__Required work__:
Go to the line that contains "Chanel Goatskin Camellia". Restate that line and each one after it exactly, through the end of the records, without pictures.

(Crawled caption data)

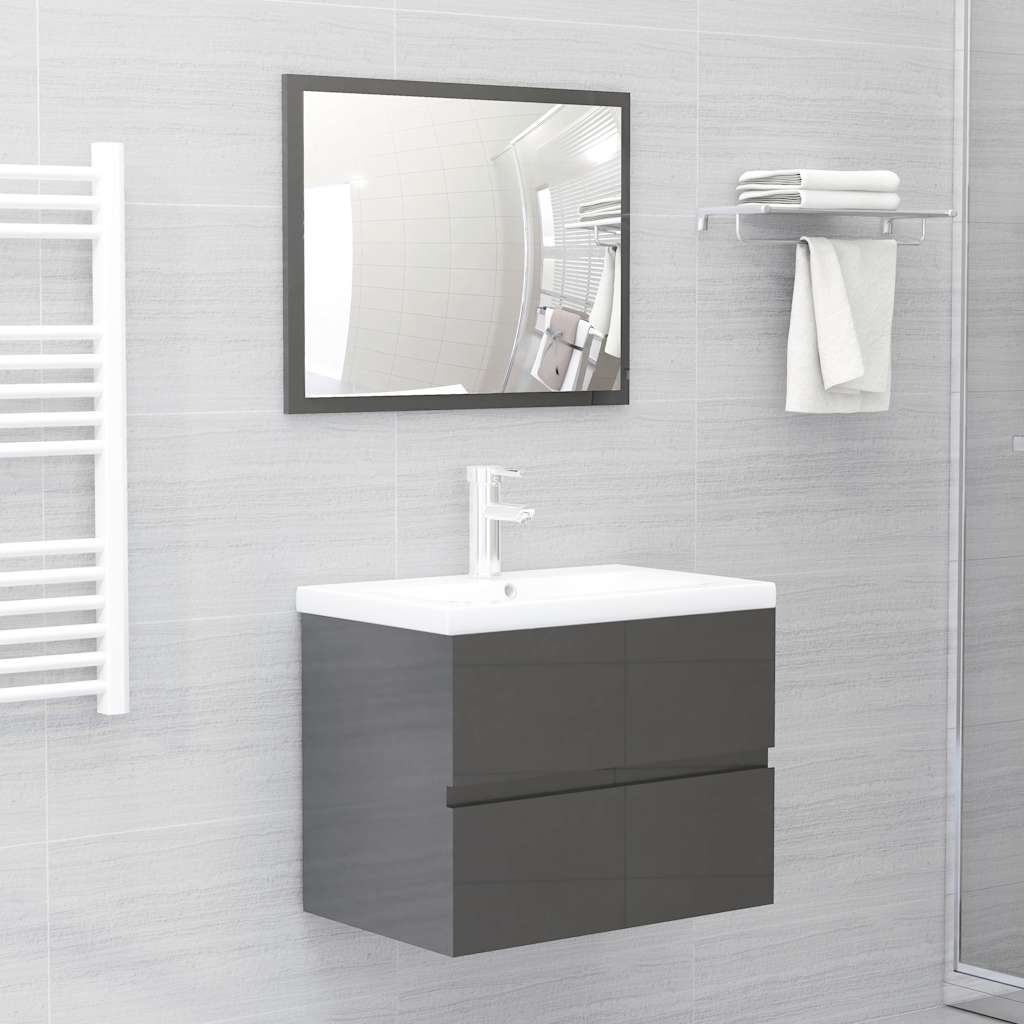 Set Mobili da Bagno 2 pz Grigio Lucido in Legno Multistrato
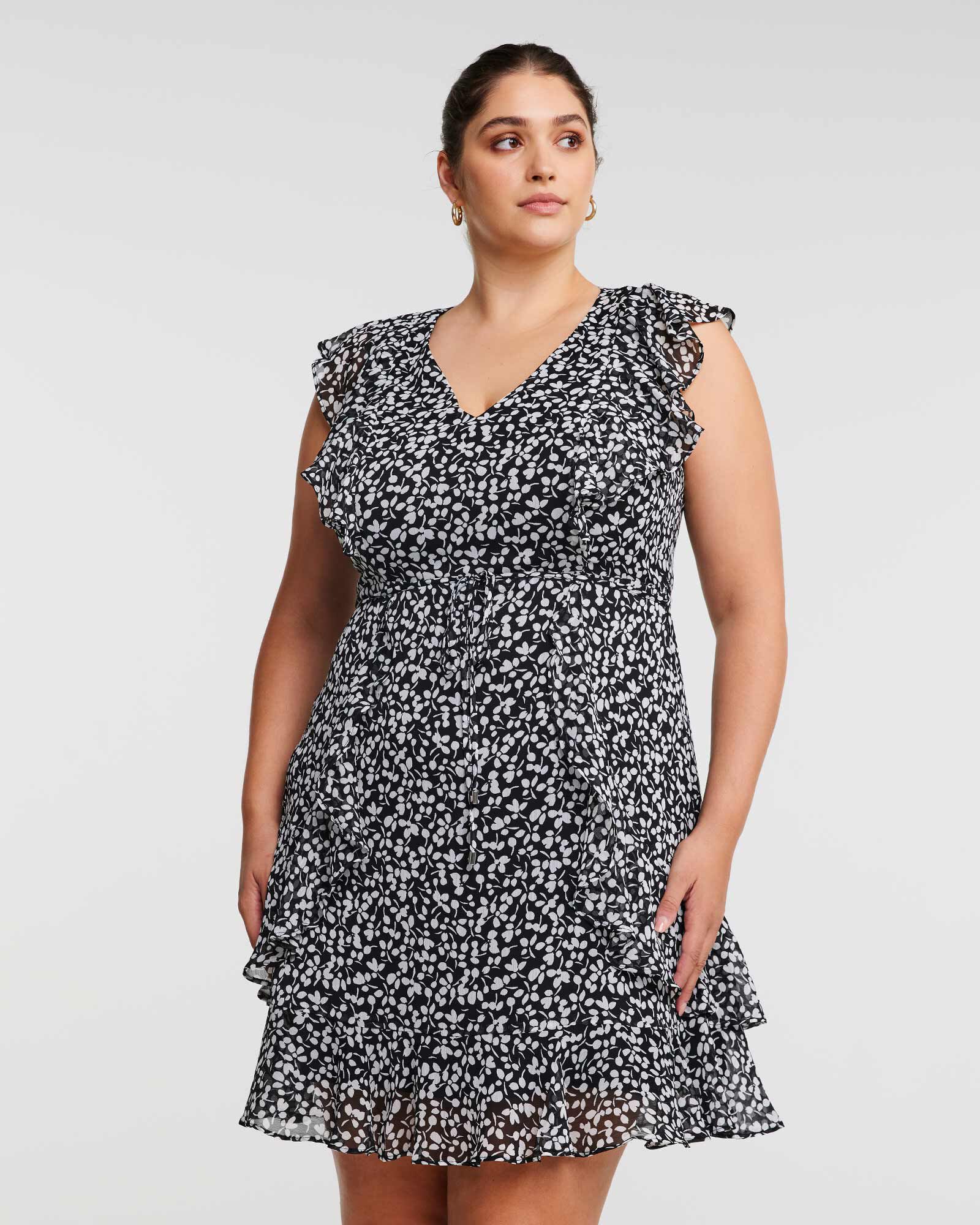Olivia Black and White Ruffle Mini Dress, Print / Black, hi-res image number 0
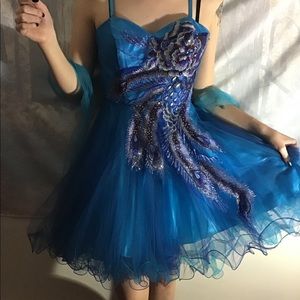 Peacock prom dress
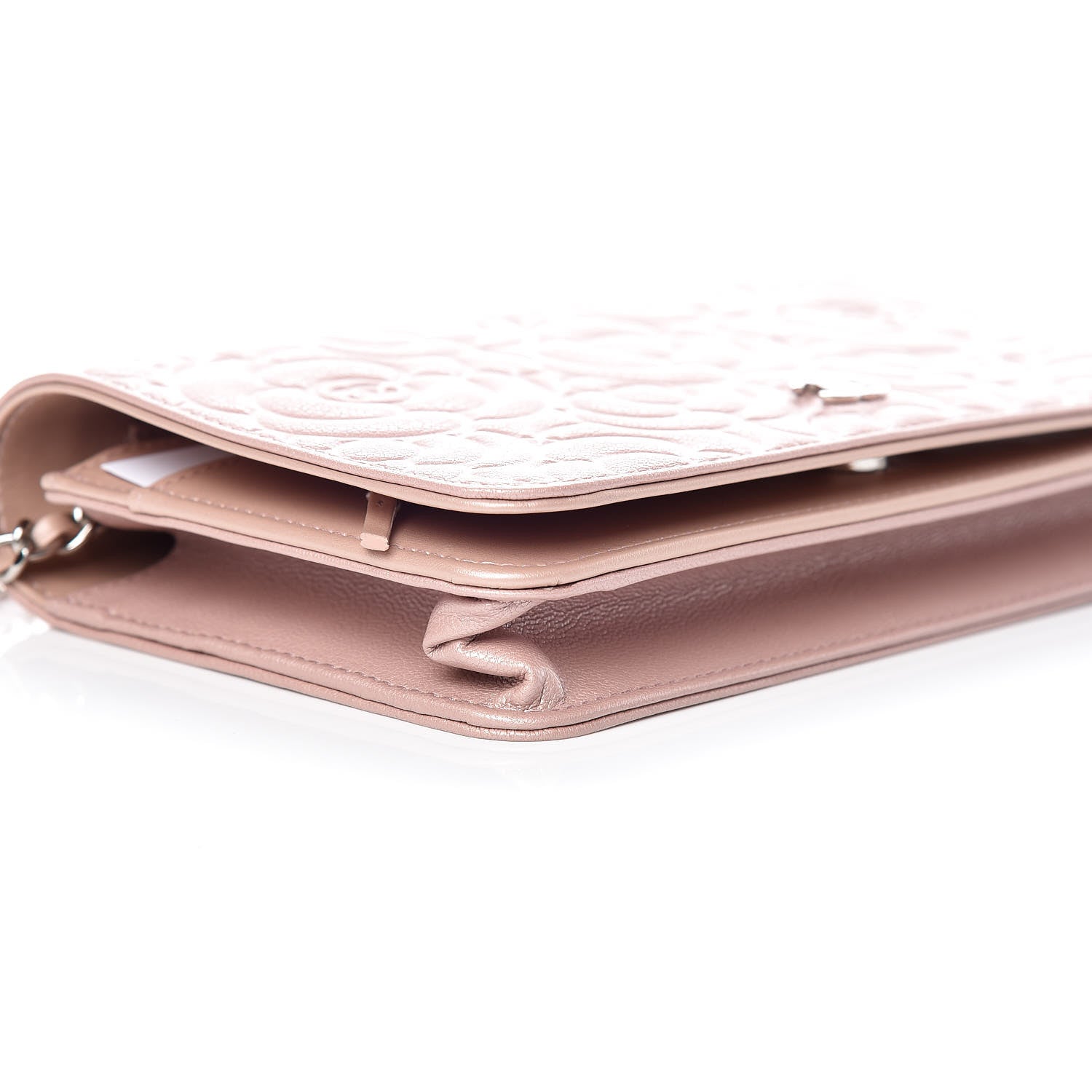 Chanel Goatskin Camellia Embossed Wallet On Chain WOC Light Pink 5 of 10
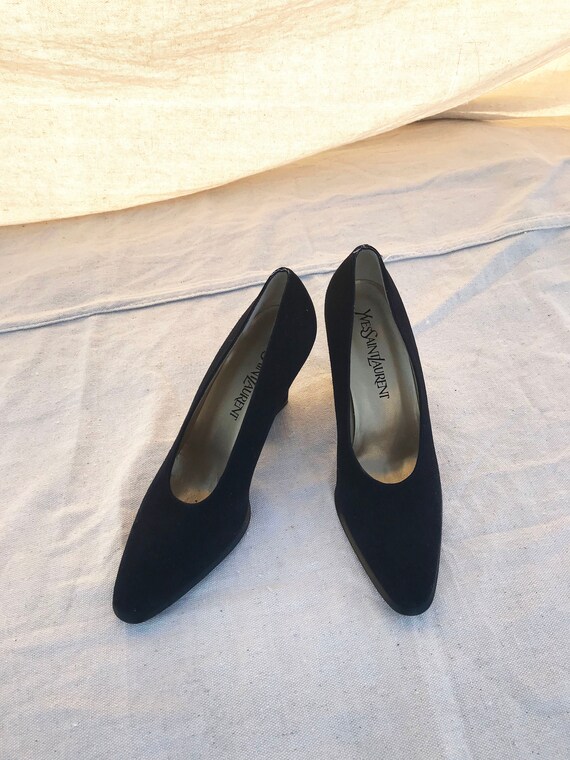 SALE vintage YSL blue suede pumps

__Output for this exercise__:
 Chanel Goatskin Camellia Embossed Wallet On Chain WOC Light Pink 5 of 10
 SALE vintage YSL blue suede pumps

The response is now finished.